Ilídio André Costa explica que há “uma enorme tendência para a ciência contar, cada vez mais, com voluntários não especializados. Na verdade, qualquer um de nós pode – e deve – participar em ciência cidadã, ainda que nem todos o façamos como cientistas. Se essa participação traz grandes desafios, traz também oportunidades extraordinárias, tanto para os cientistas como para os voluntários.”

Momento de uma das sessões de envolvimento da comunidade escolar com os investigadores. (Foto: Ilídio André Costa / Planetário do Porto – Centro Ciência Viva)

As vantagens da Ciência Cidadã

Para Carla Morais, coautora do artigo e docente do Departamento de Química e Bioquímica da FCUP, “a ciência cidadã traz vantagens para todos os intervenientes: professores e alunos têm acesso autêntico à ciência em ação, incluindo cientistas, questões de investigação científica, processos, dados e análise de dados, que promovem o envolvimento com a ciência e oportunidades de aprendizagem”.

A também investigadora no Centro de Investigação em Química da Universidade do Porto (CIQUP) nota ainda que, por sua vez, os cientistas e os comunicadores de ciência “podem colaborar com muitos voluntários, ao mesmo tempo que expandem a consciência pública dos seus tópicos e descobertas”.

O projeto procura aumentar a compreensão dos conteúdos e processos associados à investigação em astronomia por parte dos professores do 1.º Ciclo do Ensino Básico, dando-lhes acesso a recursos, iniciativas e projetos que podem potenciar o seu trabalho quotidiano.

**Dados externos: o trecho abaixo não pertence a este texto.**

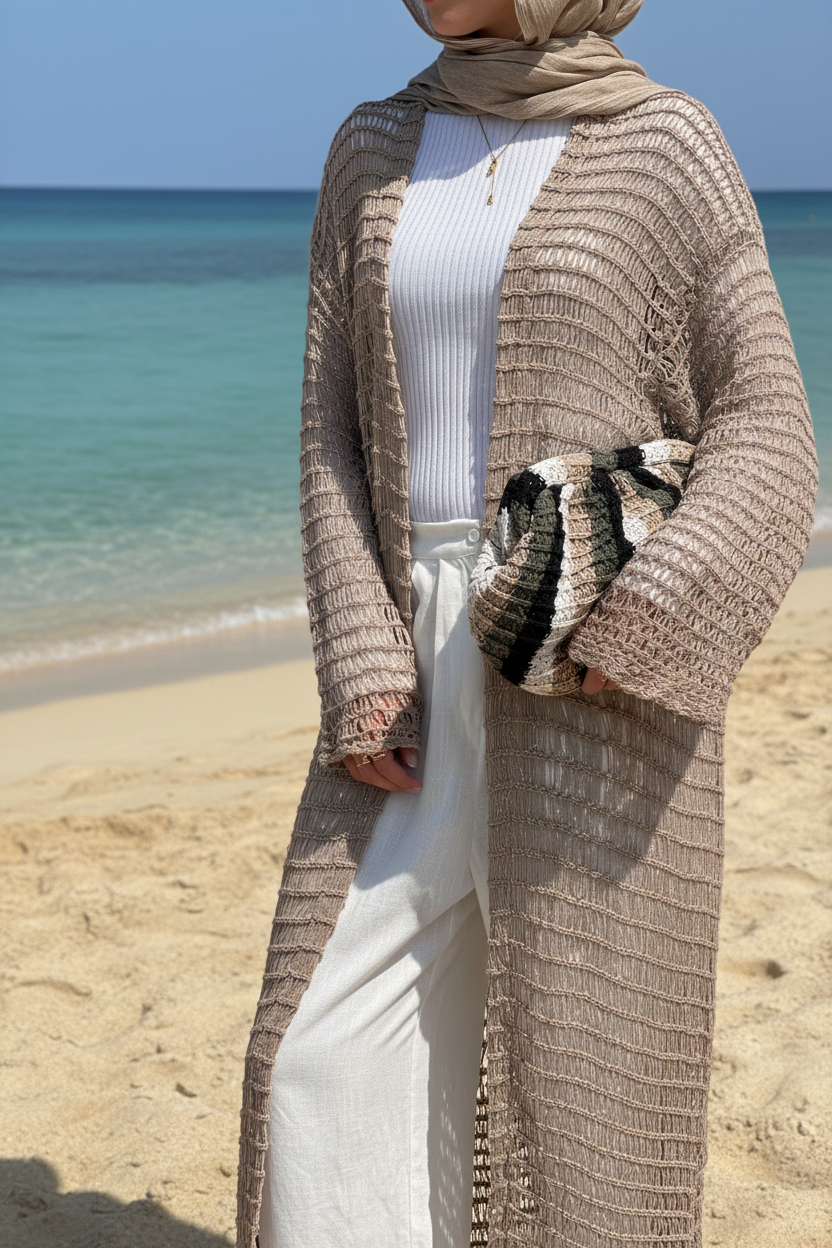 Threads of Charm Cardigan in Shimmer Cafe.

Os professores, em conjunto com os comunicadores, envolvem depois a comunidade escolar em iniciativas de divulgação, apontando um caminho para o aumento da relevância da comunidade escolar e o seu envolvimento com a ciência.

Este projeto, coordenado pelo Planetário do Porto – Centro Ciência Viva, onde Ilídio André Costa está atualmente destacado, mostra como, através do envolvimento de professores do 1.º Ciclo, astrónomos e comunicadores de ciência, se pode contribuir não só para a produção de nova ciência, mas também para mudar atitudes e disseminar conhecimentos científicos, fazendo-os fluir, com efeitos duradouros, para um público tipicamente afastado da astronomia.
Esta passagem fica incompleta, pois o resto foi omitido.